*What the task asks*. Would you please transcribe, exactly as written, the lines of the entries below starting at the one that holds "Volkswagen Passat 2024" and ending at the one that holds "Mini COOPER Mini", both included?

[[ Supplied entries, beginning ]]

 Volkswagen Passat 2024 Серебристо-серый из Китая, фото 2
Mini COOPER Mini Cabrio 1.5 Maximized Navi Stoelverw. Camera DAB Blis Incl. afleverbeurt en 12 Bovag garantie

[[ Supplied entries, end ]]
[[ Supplied entries, beginning ]]

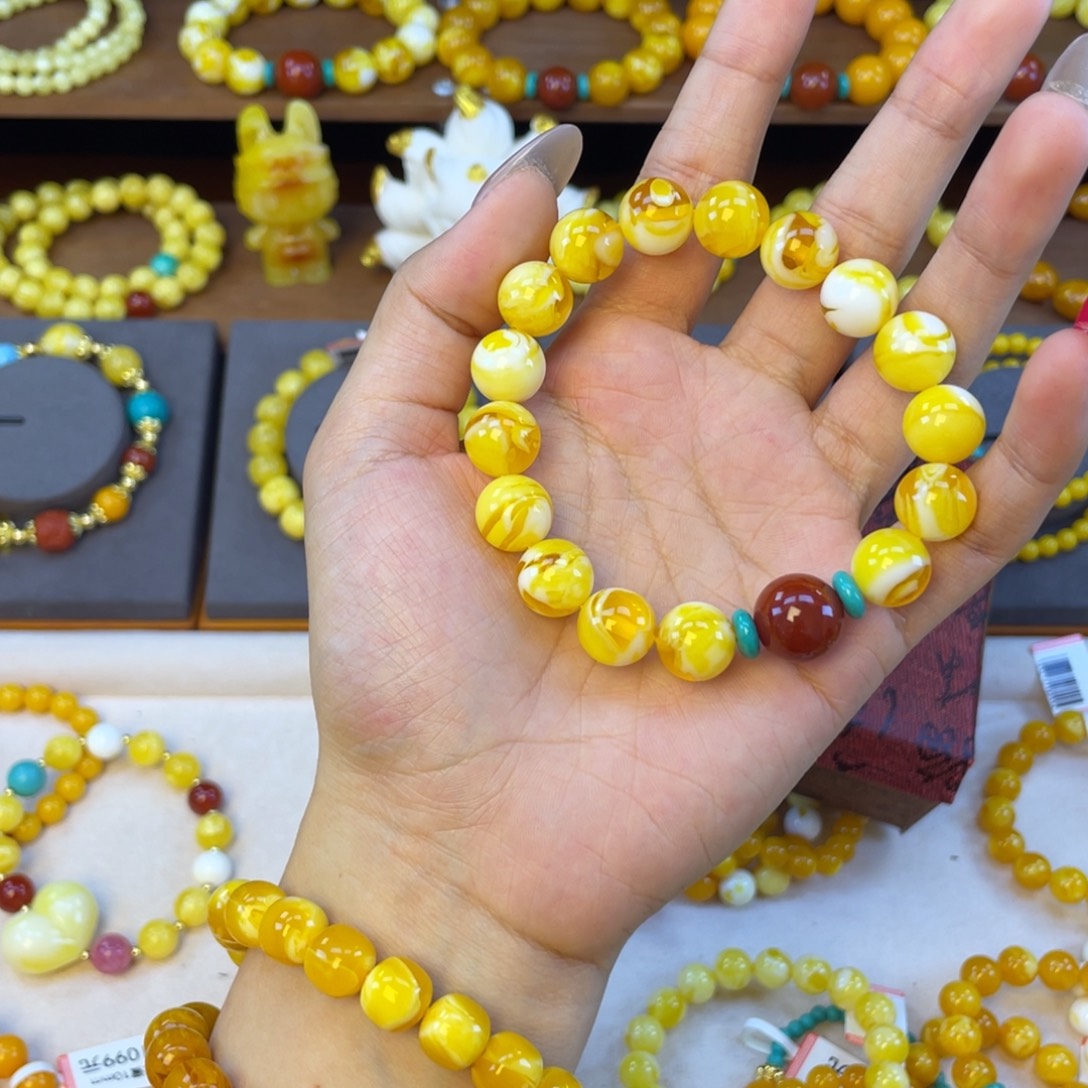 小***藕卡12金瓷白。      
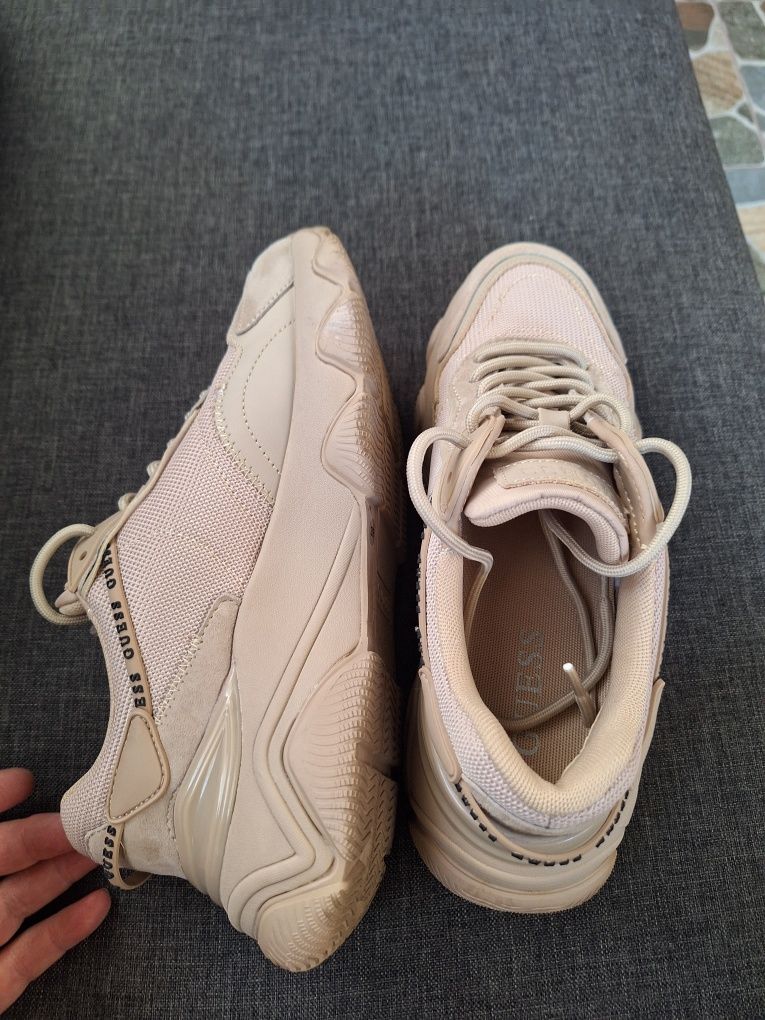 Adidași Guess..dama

[[ Supplied entries, end ]]

*Solution to the problem*.
 Volkswagen Passat 2024 Серебристо-серый из Китая, фото 2
Mini COOPER Mini Cabrio 1.5 Maximized Navi Stoelverw. Camera DAB Blis Incl. afleverbeurt en 12 Bovag garantie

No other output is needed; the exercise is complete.